On peut dénigrer certains aspects de la vie politique en général, mais encore faut-il mettre le doigt sur ce qui cloche et, mieux encore, remonter le cours des événements pour voir d'où un phénomène prend sa naissance. L'intérêt de lire ce genre de livre, c'est de se familiariser avec la pensée critique, ici celle de Mme Arendt, et de revoir le XXe siècle sous un nouvel angle.
Je propose donc dans les prochaines semaines de citer certains passages que je trouve percutants. En voici un premier:
Ni le national-socialisme ni le boclhevisme ne proclamèrent jamais qu'ils avaient établi un nouveau genre de régime, ni ne déclarèrent que leurs objectifs étaient atteints avec la prise du pouvoir et le contrôle de l'appareil étatique. Leur idée de la domination ne pouvait être réalisée ni par un État ni par un simple appareil de violence, mais seulement par un groupement animé d'un mouvement constant: à savoir, la domination permanente de chaque individu dans chaque sphère de sa vie.
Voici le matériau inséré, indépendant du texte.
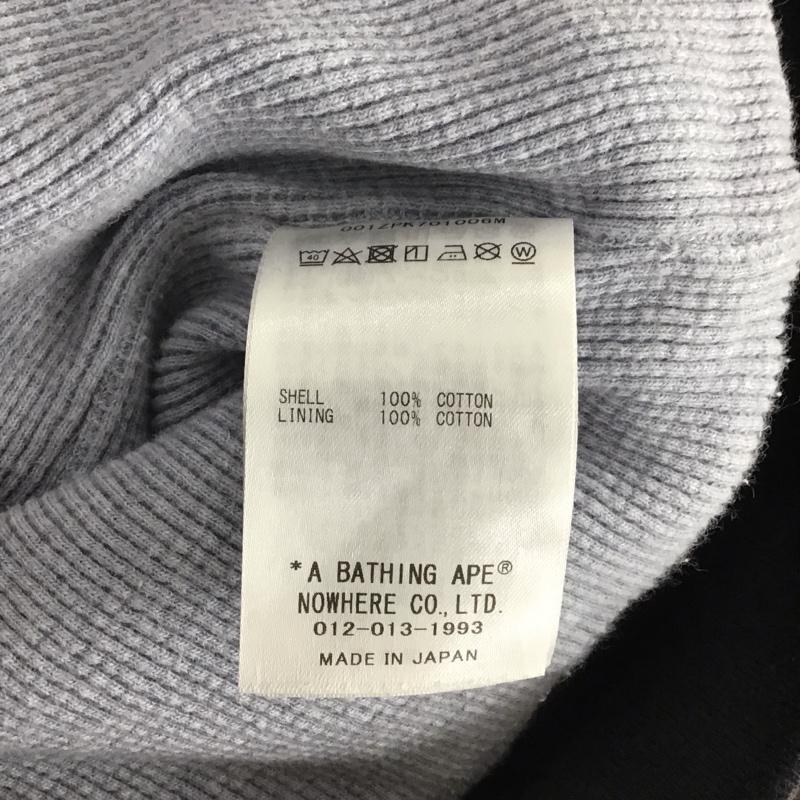 エイプ APE パーカー 長袖 長袖パーカー ジップアップパーカー スウェット M ロゴ、文字 黒 / ブラック / black メンズ USED 古着 中古 10153194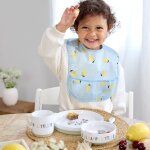 Lot de 2 bavoirs avec poche happy fruits citron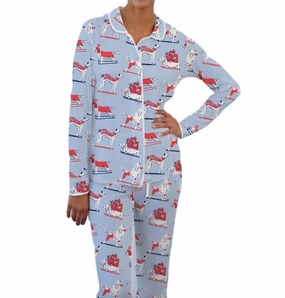 wrinkle free finish Pajama Pant-Set Ski Dogs In Light Blue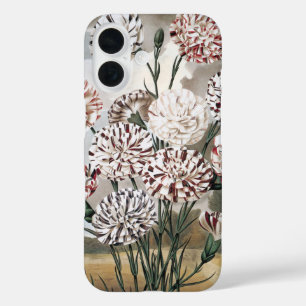 Vintage Variegated Carnation Flowers with Grey Sky iPhone 16 Case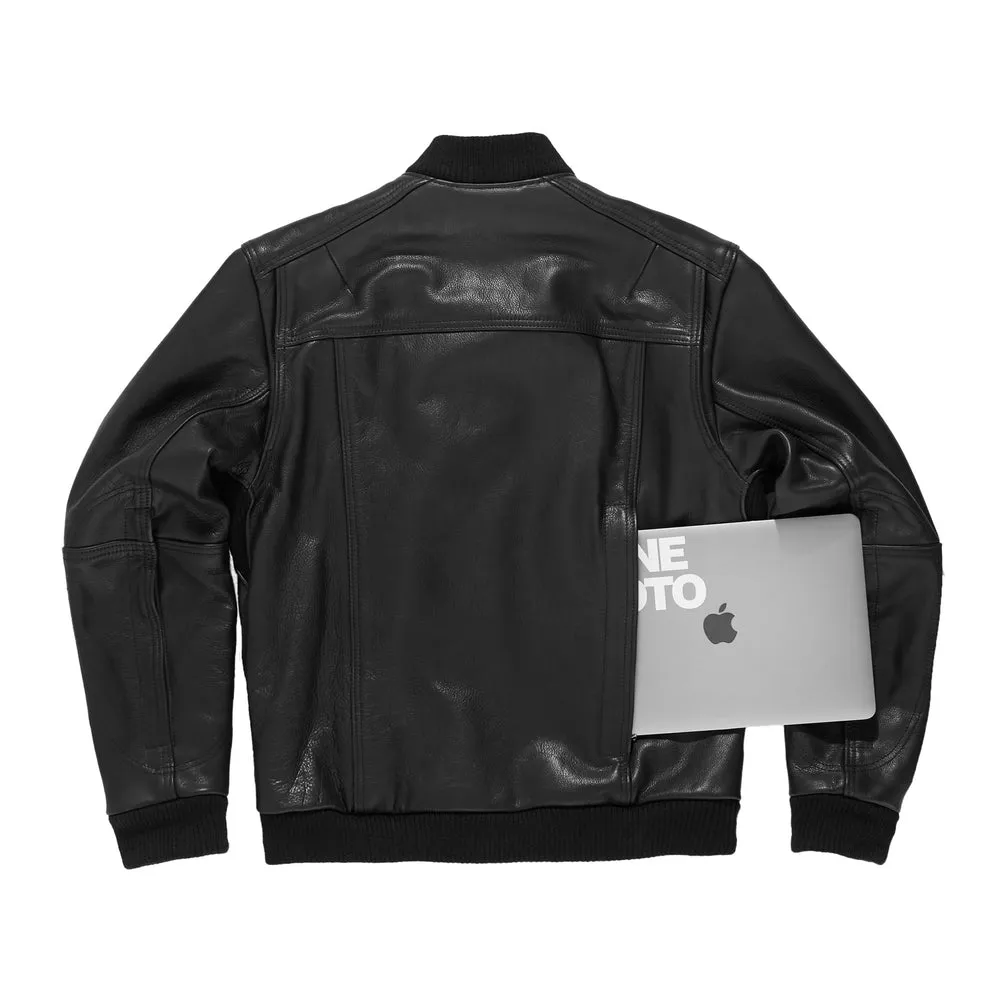 Jane Motorcycles Marcy Leather Bomber Jacket in Black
La prise du pouvoir par la violence n'est jamais une fin en soi, mais seulement le moyen d'une fin et, dans n'importe quel pays, la prise du pouvoir n'est qu'une étape transitoire et bienvenue, mais jamais la fin du mouvement. L'objectif pratique du mouvement consiste à encadrer autant de gens que possible dans son organisation, et de la mettre et de les maintenir en mouvement: quant à l'objectif politique qui constituerait la fin du mouvement, il n'existe tout simplement pas.